My other cross I´m carrying is my low self-esteem which I also "inherited" from my mother. From a very early age, I was being told that I can´t do anything right. Everything I did was wrong, insufficient and not enough. Now it´s more or less clear to me why did she behave like that, but now the most important thing is what did it do to me in a long term. It´s no surprise that I grew up to be a person with absolutely no self-esteem, questioning everything I do and jumping to conclusion that I´m screwing up everything. I am convinced that if people knew me well, they would see how fatally flawed I am. I´m coming with a baggage full of trauma and coping mechanisms and learned helplessness. Who would potentially want to put up with that? My brain is sure that I´m not lovable. How could I be, when even my mom wasn´t able to love me unconditionally? It has to be cause something´s wrong with me fatally. Every good thing that happens to me is surely just temporary and everything I succeed in is just good luck (yes, imposter syndrome joined the chat). This is what I own now, this is what the world taught to my brain that my brain taught to me eventually. I had to survive somehow, and the only way I could make it to this day, was believing that I was at fault, not my mom, not my primary caregiver in whose hands my life was, she couldn´t be wrong, that´s impossible, that would create a very scary world for a very little baby and she couldn´t survive that. It was easier to go with this story of me being just basically bad.

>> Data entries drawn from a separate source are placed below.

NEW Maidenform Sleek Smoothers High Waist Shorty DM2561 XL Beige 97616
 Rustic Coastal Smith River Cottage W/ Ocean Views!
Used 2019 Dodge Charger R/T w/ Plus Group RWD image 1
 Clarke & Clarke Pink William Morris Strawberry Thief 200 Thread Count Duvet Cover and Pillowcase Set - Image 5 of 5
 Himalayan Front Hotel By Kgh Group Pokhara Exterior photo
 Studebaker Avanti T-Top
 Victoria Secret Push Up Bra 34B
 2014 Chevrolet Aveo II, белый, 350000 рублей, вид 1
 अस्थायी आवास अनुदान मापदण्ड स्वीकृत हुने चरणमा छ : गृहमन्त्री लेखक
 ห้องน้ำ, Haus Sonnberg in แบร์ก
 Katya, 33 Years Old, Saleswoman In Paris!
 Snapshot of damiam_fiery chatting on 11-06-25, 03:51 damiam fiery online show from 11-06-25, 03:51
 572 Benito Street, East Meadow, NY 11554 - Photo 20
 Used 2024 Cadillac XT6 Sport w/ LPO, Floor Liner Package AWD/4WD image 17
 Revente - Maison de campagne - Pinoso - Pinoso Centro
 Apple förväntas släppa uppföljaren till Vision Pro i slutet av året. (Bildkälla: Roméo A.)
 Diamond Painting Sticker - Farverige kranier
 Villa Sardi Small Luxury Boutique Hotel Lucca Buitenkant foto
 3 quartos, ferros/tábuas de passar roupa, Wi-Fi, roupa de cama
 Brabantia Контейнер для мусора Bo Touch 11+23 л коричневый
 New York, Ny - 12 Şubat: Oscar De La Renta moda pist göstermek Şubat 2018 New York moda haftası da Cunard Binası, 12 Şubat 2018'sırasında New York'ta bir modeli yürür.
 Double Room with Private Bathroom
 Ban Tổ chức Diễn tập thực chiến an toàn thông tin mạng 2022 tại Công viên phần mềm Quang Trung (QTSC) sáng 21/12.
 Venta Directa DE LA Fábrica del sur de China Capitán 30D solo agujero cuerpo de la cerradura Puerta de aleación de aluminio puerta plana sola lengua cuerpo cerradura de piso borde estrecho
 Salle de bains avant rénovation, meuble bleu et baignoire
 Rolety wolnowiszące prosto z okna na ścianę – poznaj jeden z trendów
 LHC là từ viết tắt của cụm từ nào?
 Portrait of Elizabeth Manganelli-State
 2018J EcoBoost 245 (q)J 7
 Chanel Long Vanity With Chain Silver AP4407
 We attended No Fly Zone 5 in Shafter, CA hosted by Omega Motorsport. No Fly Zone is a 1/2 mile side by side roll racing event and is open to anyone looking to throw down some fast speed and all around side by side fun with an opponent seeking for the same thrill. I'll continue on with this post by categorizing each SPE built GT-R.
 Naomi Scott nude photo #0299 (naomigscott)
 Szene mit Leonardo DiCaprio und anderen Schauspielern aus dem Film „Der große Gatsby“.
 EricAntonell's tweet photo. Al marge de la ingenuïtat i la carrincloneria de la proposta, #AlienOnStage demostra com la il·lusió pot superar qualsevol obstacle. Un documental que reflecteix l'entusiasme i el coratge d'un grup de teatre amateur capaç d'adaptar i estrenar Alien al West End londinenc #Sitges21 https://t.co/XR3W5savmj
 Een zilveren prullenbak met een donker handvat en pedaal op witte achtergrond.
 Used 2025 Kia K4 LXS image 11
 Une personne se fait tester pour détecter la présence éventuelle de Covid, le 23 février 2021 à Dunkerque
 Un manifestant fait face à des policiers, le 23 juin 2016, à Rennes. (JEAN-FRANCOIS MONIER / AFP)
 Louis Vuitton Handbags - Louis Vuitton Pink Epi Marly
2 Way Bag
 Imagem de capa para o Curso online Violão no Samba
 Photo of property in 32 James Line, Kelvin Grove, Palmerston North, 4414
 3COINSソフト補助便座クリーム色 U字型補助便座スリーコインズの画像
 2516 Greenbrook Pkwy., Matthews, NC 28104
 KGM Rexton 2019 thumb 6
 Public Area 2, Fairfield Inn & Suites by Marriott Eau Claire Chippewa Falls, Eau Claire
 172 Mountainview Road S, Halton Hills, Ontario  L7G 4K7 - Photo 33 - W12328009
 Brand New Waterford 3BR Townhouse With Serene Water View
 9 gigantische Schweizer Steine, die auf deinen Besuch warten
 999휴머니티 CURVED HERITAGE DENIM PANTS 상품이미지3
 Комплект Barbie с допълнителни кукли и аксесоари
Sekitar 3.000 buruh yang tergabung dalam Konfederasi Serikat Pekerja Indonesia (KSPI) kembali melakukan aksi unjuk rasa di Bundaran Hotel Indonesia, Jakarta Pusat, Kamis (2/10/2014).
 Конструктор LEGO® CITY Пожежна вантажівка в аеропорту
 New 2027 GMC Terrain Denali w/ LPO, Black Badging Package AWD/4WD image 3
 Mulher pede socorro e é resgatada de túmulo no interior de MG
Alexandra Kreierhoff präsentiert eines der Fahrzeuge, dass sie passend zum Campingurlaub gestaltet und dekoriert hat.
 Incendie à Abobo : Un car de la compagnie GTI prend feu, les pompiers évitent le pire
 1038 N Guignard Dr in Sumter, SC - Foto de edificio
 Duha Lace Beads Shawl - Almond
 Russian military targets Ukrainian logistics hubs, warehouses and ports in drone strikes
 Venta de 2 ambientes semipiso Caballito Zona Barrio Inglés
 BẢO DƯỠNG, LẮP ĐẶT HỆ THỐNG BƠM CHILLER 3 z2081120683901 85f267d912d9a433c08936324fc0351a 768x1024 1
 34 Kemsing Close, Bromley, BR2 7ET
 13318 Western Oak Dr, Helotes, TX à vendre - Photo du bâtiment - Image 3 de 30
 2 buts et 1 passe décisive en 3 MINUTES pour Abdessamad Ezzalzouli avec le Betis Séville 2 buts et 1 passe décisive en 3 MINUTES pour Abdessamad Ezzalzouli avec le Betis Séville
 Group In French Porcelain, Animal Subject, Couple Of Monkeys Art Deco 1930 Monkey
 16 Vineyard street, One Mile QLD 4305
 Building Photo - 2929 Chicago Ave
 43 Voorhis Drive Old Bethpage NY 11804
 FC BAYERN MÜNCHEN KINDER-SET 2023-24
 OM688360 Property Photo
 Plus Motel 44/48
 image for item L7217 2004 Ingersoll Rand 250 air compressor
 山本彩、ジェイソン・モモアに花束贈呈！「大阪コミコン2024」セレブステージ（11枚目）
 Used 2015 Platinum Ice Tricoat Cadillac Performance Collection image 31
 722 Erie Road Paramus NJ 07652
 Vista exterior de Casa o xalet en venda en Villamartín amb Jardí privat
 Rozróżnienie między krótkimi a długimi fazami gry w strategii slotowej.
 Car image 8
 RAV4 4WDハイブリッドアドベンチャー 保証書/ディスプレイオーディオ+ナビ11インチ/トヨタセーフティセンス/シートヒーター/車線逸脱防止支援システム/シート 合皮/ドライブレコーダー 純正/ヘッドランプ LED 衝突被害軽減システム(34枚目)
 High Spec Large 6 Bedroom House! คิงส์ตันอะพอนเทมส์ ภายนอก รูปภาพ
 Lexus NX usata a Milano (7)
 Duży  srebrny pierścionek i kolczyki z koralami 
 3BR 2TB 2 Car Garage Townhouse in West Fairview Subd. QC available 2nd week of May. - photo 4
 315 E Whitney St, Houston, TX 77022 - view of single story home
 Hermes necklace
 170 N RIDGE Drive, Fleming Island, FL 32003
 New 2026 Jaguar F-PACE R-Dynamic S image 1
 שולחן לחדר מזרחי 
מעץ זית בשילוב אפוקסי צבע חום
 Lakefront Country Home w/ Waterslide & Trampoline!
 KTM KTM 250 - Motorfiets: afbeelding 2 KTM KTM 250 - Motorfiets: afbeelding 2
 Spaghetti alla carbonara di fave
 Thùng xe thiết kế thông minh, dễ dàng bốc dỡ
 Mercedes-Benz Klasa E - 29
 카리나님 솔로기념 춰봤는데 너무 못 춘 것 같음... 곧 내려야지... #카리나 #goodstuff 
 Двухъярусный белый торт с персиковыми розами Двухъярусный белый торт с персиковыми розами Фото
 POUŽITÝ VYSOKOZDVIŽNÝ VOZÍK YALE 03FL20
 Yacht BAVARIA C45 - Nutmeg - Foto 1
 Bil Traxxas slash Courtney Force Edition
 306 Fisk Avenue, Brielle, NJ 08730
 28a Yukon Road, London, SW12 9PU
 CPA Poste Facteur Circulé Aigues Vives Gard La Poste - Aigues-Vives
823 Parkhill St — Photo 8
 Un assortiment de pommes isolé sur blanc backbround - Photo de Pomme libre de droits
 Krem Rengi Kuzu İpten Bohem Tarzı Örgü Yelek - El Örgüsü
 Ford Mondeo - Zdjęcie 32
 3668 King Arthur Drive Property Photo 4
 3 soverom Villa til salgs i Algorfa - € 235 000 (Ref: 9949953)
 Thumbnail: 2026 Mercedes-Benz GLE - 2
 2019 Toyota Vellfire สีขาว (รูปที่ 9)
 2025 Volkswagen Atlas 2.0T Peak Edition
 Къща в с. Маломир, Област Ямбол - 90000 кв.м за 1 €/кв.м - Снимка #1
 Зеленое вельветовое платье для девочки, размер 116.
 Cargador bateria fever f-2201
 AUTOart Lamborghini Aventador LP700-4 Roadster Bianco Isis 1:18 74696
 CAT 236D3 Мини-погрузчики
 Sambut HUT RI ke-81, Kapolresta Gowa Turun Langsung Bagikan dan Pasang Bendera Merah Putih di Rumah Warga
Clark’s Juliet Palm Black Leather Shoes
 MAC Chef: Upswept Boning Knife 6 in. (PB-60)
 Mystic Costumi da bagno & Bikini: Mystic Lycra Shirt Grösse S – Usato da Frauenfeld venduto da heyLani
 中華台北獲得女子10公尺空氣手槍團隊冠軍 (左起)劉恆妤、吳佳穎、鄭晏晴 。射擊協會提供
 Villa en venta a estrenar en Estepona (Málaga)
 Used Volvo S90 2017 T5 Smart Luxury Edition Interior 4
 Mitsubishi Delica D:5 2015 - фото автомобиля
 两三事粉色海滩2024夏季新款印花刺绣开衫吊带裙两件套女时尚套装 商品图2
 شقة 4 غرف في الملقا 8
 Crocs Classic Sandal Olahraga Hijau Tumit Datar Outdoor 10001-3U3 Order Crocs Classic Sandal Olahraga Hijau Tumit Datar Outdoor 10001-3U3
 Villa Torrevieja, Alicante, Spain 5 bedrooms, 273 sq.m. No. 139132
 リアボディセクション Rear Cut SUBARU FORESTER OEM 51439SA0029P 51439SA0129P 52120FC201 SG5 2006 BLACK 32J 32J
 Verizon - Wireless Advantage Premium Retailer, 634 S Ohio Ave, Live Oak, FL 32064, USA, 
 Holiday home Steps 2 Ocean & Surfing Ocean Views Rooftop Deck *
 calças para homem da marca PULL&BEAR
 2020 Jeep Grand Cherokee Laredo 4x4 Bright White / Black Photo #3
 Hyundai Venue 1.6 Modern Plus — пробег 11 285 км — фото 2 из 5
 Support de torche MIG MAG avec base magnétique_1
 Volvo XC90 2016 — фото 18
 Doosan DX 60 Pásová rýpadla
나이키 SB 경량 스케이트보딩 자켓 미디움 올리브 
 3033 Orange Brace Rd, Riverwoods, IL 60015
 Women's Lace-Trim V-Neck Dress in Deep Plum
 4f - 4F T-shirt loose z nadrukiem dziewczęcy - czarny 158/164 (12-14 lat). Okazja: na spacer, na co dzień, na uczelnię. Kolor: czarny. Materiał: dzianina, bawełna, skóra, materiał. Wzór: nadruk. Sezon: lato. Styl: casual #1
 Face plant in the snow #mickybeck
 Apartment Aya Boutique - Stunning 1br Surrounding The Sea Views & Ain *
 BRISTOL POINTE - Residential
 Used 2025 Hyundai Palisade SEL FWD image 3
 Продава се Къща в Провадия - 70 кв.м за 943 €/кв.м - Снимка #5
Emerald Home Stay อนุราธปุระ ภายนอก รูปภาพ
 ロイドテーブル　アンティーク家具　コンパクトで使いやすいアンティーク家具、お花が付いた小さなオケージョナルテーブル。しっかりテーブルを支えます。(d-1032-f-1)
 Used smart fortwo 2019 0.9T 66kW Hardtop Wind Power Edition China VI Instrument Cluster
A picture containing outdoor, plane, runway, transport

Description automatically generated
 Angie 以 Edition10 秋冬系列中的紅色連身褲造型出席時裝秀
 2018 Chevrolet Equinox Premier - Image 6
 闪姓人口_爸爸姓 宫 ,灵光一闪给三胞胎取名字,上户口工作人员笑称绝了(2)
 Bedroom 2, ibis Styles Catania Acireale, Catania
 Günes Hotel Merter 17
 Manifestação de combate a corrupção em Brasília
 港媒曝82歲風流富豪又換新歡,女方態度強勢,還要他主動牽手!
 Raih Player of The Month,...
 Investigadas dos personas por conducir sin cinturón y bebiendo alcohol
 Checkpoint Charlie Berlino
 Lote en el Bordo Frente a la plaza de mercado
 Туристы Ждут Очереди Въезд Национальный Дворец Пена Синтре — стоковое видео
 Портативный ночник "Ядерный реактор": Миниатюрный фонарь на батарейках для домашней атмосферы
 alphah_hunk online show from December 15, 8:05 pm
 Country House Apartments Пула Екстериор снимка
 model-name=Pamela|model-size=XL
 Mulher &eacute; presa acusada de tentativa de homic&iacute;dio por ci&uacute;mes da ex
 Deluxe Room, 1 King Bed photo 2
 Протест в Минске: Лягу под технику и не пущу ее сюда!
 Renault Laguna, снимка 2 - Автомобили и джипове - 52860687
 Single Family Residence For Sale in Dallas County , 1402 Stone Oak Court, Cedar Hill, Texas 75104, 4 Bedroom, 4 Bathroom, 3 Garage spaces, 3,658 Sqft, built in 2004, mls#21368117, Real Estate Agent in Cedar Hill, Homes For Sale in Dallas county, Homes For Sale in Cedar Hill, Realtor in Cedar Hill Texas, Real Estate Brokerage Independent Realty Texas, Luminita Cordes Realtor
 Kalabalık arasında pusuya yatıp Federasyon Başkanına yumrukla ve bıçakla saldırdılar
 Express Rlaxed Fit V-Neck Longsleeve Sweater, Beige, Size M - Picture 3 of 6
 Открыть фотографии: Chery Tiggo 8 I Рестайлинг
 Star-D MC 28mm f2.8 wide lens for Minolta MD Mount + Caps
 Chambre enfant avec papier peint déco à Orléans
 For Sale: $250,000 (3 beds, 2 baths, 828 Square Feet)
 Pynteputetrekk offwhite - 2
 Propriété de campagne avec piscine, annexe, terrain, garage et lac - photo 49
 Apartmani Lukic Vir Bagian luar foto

So this is the vicious circle I´m in right now: I don´t feel safe around people, I don´t feel comfortable in their close presence, so I stay away and watch them from the distance, yearning for being able to connect with them; the more I am isolated, the more I´m sure that it´s because there´s something wrong with me; the more I´m convinced there´s something wrong with me, the more I fear being close to them. But it works in the different direction, too: I feel that I´m not lovable and bad, so I stay away from people; the more I stay away, the more I´m isolated and the harder it is for me to reach out. Everything is fatally intertwined.

This is not how I think rationally when my prefrontal cortex is in the charge. I´ve learned so much, I´ve read so much, from many smart people, professionals, who know much about the human psyche and the neurobiology of the brain. Something I was able to internalize and with practice, anchor. But my brain is so deeply programmed to believe that a) people are dangerous and gonna hurt me and that b) I´m worthless, that no amount of cognitive work can ever convince it that the opposite is true. And this is the origo I keep returning to: how can I rewire my brain and create new associations that could be possibly stronger that the old ones? I know that the things I learned in my childhood will possibly stay with me all my life. They will fade and weaken and shrink, but they will always be there. So I´m not gonna try to ignore them or suppress them. I wish there was someone who could tell me the secret recipe of making my brain believe that things changed since my childhood and most of them were never true in the first place. I wish my brain saw the outer world and listened to me. I´d tell him about all the wonderful things I´ve learned and all the good people I´ve learned from.